話題になるのは誰が結婚したとか誰の子供が産まれたとか、そんな話ばかり。
地元では、誰が稼いでいるかとか誰がいい会社に勤めているかなんてどうでもいい、小さくて閉ざされた温かい世界がそこにある。
あんなに頑張っていい大学に入り、血反吐を吐きながら年収を維持しているのに、ただひとつ、私の印象は”誰にも選ばれなかった女”。
私は一刻も早く結婚したい。結婚しているという身分を手に入れて安心したい。
結婚したいという女は愚かしいと思っていた。でも今は、結婚しないなら別れる、と言える女が羨ましい。私はそれを口にして選んでもらえる自信がない。
子供が欲しい。子供を育てたい。仕事はできるけど子供はいないしね、と言われるのが嫌だ。
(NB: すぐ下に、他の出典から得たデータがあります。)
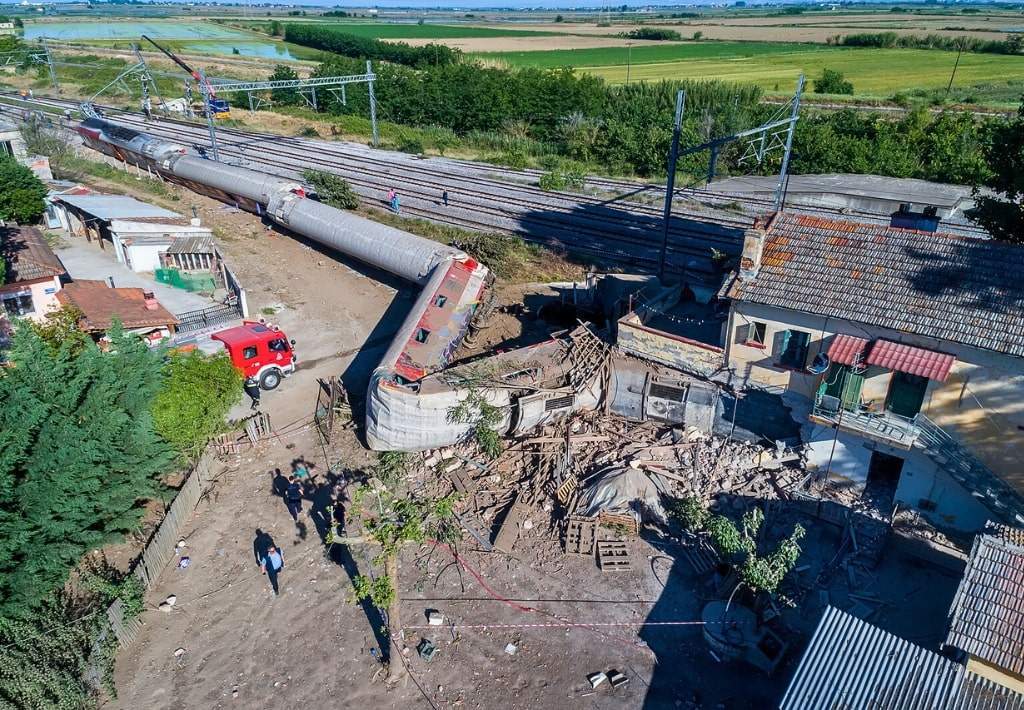 A train that derailed and hit a house.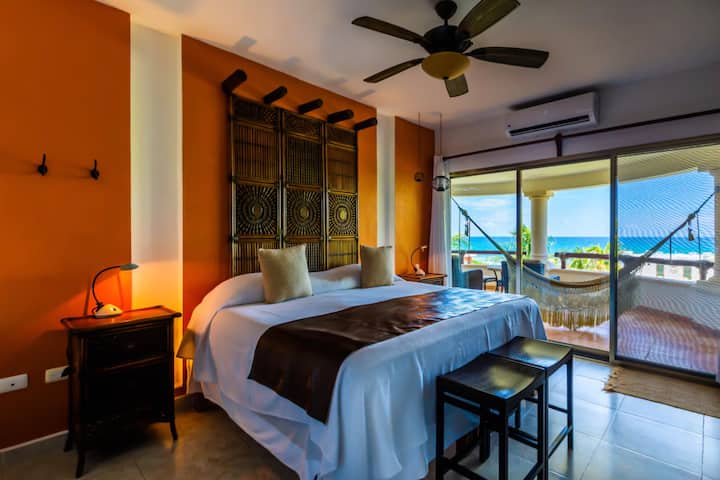Villa King Bed Orange Room with Ocean View Balcony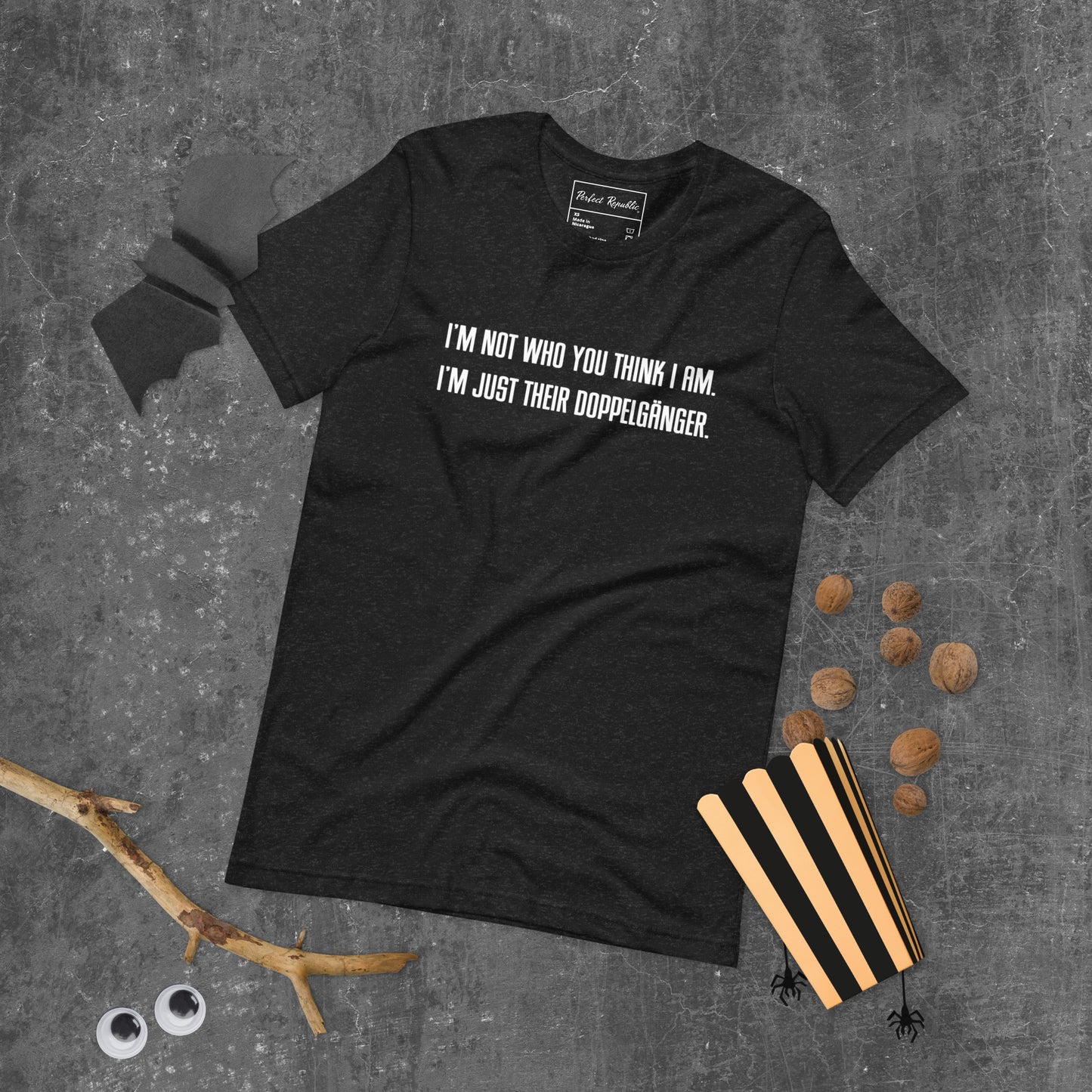 "I'M NOT WHO YOU THINK I AM. I'M JUST THEIR DOPPELGÄNGER." Unisex t-shirt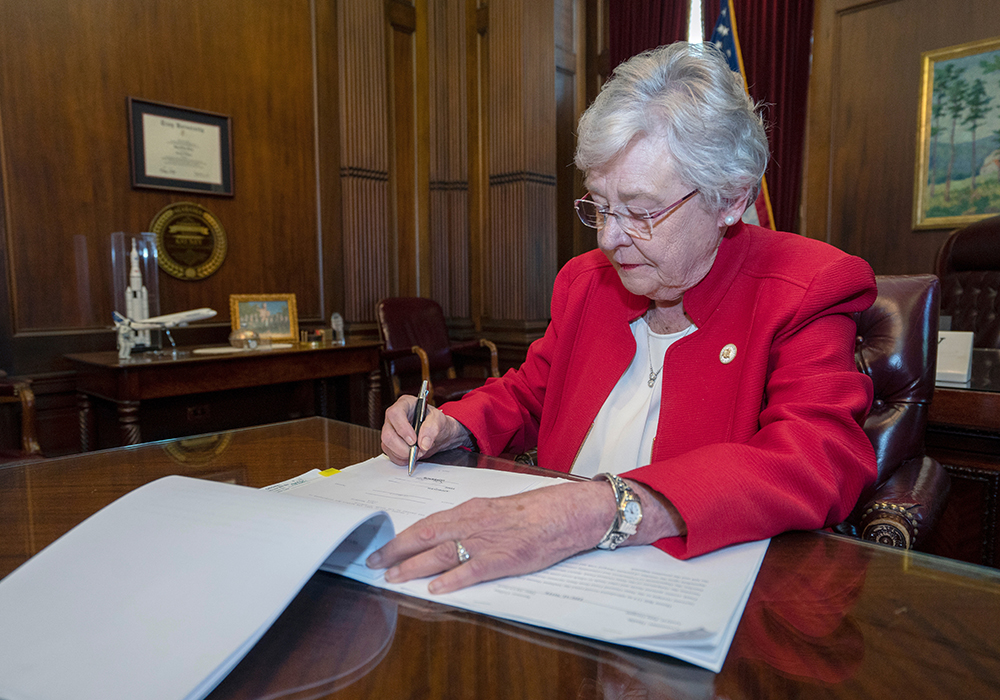 Alabama Gov. Kay Ivey is shown in 2019 signing a bill into law. (CNS photo/Office of the Governor State of Alabama handout via Reuters)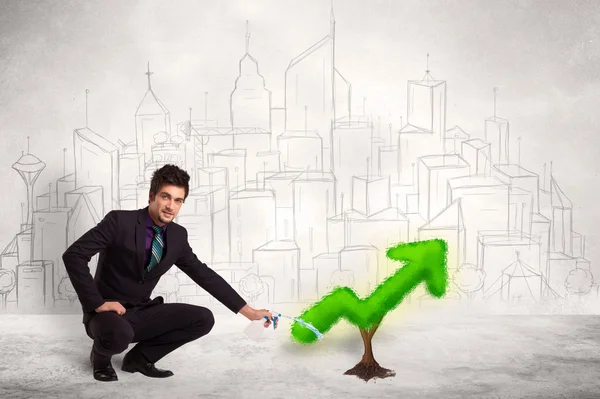 Business man watering green plant arrow — Stock Photo, Image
子供を自己実現の目的にしてはいけないことは知っている、だけど子供が欲しい。
同窓会に行くたび、ここは自分のいる場所ではないと思いつつも、結婚して子供ができれば、私はここでも安心できると思ってしまう。
でも誰も、誰も私を選ばない。
出産予定日に母親が35歳以上となる場合、事前に母体血胎児染色体検査を受けられるという。
どこかで読んだ記事が頭にこびりついて、酔っ払うたびに思う。
子供は2人欲しいから、32歳までには初産が望ましい。だからやっぱり、決断は30歳までにしなくてはいけないのだ。
好きな人がいる。ずっと一緒にいたいと思う。だけどその人は私との子供はおろか、結婚すら考えてはいない。
「結婚したくなったら、君とは別れるから大丈夫。これは私の問題で、君と私の問題ではない」
過去にそう言ったときの彼の顔を今でもよく思い出す。ホッとした表情だった。